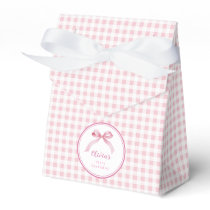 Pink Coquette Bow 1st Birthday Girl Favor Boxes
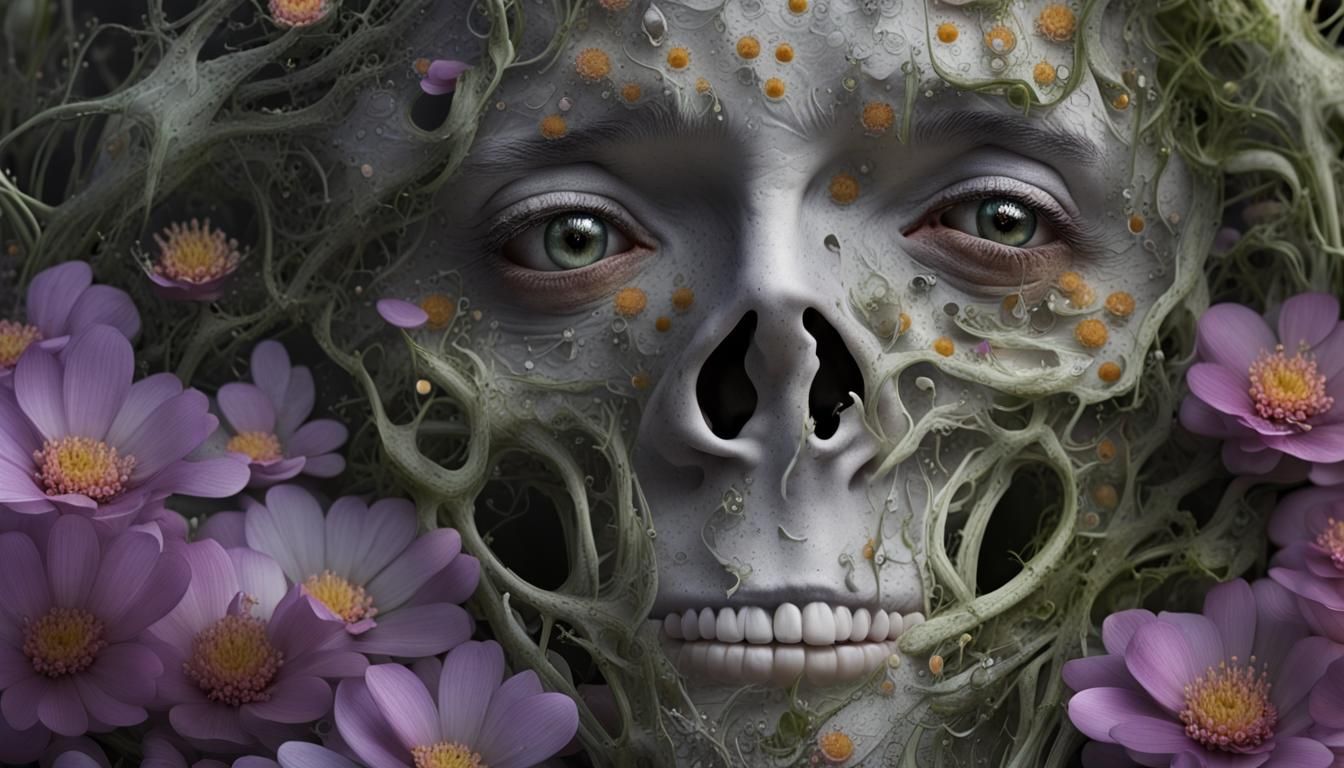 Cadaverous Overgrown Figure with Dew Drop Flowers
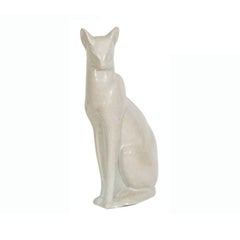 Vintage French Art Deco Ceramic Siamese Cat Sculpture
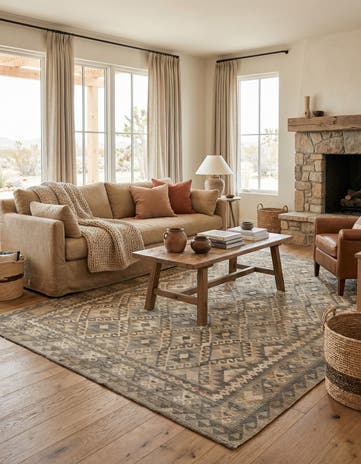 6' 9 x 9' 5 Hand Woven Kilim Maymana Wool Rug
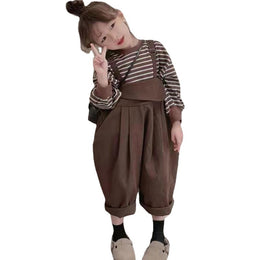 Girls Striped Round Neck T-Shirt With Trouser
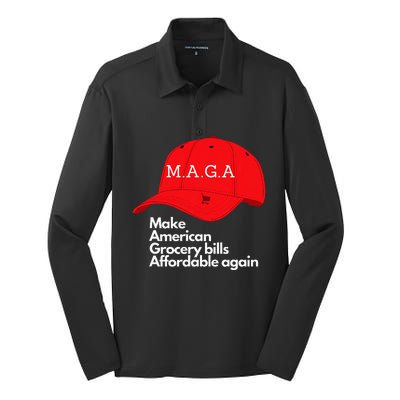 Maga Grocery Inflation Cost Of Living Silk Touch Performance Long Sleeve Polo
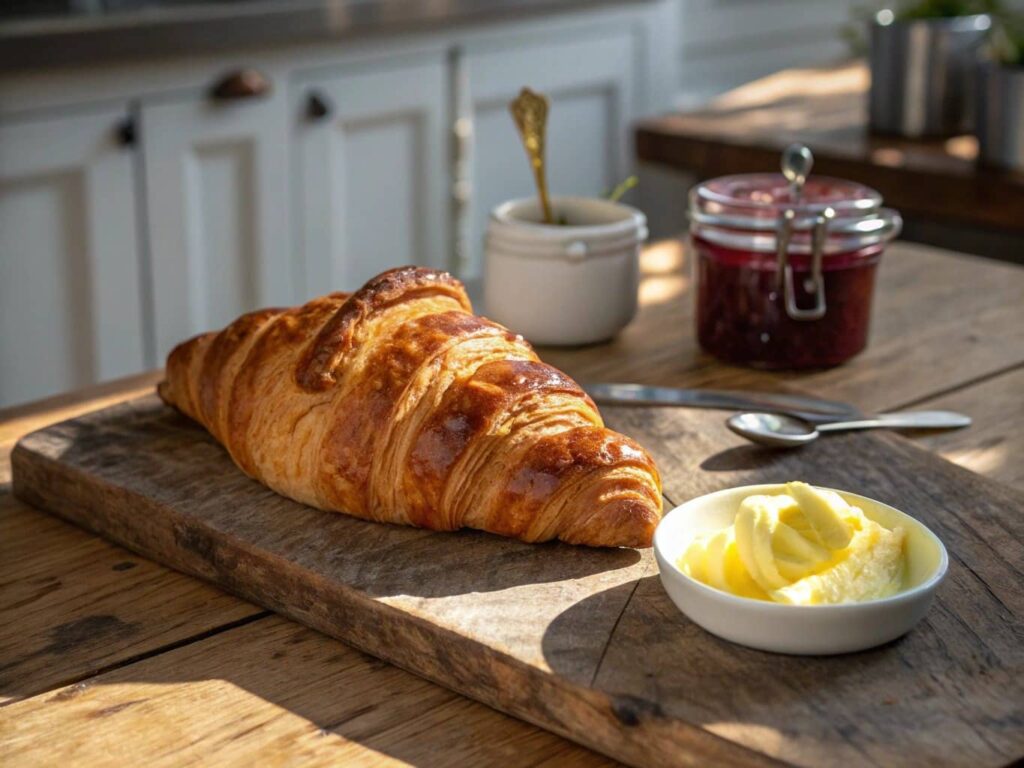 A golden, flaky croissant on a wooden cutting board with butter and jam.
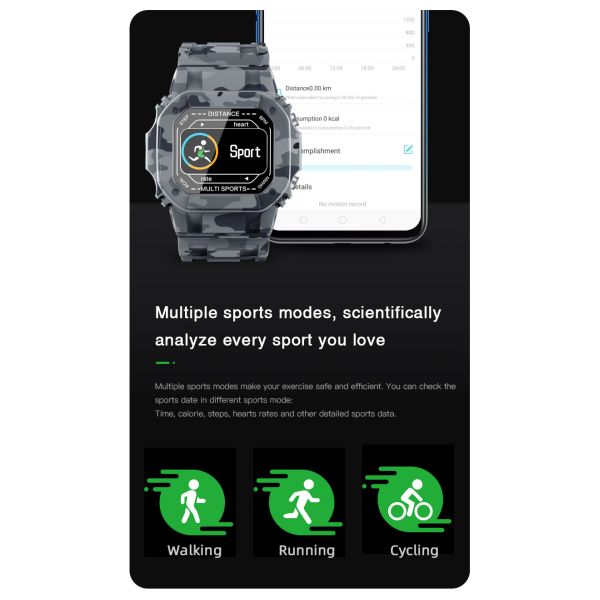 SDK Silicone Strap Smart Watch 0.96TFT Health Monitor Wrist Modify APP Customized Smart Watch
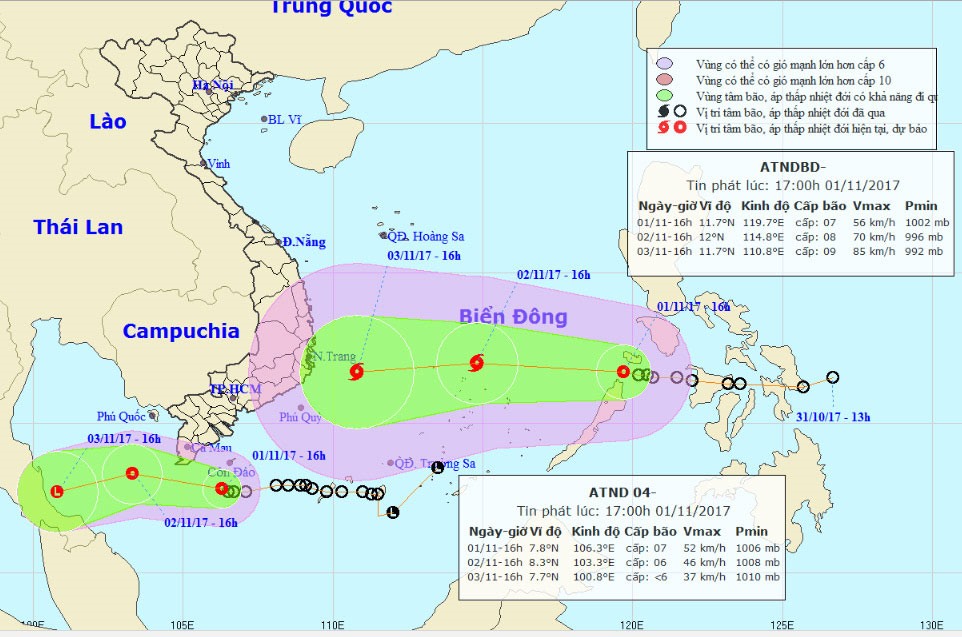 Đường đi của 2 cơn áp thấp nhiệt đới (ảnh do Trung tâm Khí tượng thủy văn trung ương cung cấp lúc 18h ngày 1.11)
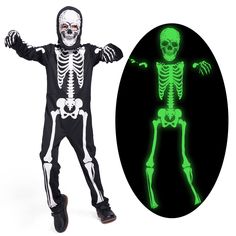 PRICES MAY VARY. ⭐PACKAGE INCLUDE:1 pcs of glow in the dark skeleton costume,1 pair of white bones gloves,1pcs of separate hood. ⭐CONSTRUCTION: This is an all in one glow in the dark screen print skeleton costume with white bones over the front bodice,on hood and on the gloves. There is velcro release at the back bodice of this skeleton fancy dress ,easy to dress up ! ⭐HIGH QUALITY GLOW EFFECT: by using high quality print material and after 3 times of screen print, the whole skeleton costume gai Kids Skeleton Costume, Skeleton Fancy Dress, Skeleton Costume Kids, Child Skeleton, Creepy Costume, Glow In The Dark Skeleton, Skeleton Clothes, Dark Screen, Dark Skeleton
====
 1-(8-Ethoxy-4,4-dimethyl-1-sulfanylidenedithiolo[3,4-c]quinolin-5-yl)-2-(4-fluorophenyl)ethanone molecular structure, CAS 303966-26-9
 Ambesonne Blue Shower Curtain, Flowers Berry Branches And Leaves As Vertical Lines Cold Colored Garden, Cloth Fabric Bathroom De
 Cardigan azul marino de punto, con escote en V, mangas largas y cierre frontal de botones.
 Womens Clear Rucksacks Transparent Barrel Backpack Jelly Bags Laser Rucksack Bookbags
====
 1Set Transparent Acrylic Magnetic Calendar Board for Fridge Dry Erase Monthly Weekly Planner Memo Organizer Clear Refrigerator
====
In the records above, find the line with "Pink Coquette Bow" and the line with "SDK Silicone Strap", then restate word for word only those two lines and all lines between, omitting pictures.

# Finished exercise
 Pink Coquette Bow 1st Birthday Girl Favor Boxes
 Cadaverous Overgrown Figure with Dew Drop Flowers
 Vintage French Art Deco Ceramic Siamese Cat Sculpture
 6' 9 x 9' 5 Hand Woven Kilim Maymana Wool Rug
 Girls Striped Round Neck T-Shirt With Trouser
 Maga Grocery Inflation Cost Of Living Silk Touch Performance Long Sleeve Polo
 A golden, flaky croissant on a wooden cutting board with butter and jam.
 SDK Silicone Strap Smart Watch 0.96TFT Health Monitor Wrist Modify APP Customized Smart Watch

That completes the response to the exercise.